**Exercise requirements**
The expected output is each line in the data below that includes the string "looking".

[Opening Source records section]

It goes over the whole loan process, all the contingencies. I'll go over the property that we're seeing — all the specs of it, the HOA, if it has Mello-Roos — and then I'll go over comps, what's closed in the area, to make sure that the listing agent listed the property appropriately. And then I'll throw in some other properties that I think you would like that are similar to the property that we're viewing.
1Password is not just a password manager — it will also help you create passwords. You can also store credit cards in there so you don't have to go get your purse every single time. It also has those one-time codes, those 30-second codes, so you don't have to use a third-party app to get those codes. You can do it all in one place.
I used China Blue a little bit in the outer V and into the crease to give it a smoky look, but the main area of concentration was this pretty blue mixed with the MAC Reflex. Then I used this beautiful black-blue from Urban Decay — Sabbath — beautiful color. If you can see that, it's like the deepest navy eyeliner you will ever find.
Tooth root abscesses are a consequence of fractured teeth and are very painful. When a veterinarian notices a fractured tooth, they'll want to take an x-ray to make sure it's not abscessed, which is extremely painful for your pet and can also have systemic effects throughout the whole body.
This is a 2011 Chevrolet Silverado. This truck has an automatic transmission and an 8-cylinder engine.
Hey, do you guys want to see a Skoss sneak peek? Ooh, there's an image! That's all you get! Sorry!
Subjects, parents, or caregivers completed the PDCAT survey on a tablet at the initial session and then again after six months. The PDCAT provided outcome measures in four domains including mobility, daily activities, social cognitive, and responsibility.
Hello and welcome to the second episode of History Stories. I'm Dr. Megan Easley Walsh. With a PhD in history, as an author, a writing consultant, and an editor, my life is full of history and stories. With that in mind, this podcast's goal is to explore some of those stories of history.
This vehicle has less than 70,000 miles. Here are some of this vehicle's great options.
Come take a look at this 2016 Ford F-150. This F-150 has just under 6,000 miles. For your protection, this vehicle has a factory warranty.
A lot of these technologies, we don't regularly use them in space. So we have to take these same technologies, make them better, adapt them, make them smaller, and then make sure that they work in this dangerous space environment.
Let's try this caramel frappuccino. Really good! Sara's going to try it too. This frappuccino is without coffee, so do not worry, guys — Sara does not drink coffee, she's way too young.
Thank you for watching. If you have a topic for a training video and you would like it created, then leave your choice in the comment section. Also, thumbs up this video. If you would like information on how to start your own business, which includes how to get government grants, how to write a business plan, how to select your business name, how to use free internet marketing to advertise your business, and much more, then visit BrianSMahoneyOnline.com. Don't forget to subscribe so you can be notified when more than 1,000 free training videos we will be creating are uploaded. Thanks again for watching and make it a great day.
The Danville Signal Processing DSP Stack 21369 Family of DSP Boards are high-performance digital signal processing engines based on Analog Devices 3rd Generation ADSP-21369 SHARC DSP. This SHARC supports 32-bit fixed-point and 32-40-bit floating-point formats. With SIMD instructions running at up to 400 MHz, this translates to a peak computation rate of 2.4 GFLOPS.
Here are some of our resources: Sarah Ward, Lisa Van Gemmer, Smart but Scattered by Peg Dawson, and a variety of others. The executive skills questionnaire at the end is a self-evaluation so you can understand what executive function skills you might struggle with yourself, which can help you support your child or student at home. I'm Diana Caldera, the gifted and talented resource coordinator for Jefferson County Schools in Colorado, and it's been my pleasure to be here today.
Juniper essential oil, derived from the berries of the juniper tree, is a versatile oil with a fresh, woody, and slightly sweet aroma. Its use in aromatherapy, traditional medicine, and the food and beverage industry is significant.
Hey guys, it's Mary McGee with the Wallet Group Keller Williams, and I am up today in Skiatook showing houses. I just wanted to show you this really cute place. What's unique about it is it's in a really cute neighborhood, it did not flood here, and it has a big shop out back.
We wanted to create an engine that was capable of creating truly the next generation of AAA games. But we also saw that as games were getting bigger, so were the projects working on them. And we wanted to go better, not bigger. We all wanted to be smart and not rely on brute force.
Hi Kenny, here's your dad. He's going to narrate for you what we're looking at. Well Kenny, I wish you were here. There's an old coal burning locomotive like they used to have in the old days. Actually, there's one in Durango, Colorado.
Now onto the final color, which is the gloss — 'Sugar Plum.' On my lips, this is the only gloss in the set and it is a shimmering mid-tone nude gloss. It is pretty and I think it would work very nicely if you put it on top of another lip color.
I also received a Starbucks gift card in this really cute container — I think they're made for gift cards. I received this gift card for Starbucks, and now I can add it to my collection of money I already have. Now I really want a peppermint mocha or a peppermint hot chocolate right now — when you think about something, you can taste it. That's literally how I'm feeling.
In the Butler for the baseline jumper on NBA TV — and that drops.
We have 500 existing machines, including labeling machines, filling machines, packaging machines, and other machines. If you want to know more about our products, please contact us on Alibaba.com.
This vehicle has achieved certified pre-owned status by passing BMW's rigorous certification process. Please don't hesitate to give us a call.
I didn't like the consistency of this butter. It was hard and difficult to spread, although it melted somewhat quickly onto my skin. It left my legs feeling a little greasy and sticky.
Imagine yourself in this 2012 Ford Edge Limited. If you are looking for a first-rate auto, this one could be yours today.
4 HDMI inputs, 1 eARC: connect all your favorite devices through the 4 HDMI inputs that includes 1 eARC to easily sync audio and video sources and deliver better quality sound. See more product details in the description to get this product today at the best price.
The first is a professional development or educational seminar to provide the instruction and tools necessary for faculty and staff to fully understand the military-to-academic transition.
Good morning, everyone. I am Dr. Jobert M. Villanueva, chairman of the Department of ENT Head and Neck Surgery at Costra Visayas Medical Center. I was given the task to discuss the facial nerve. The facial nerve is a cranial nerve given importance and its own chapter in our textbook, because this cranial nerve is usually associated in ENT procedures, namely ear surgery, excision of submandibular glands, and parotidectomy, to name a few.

[Closing Source records section]

**Reply to the exercise**
Hi Kenny, here's your dad. He's going to narrate for you what we're looking at. Well Kenny, I wish you were here. There's an old coal burning locomotive like they used to have in the old days. Actually, there's one in Durango, Colorado.
Imagine yourself in this 2012 Ford Edge Limited. If you are looking for a first-rate auto, this one could be yours today.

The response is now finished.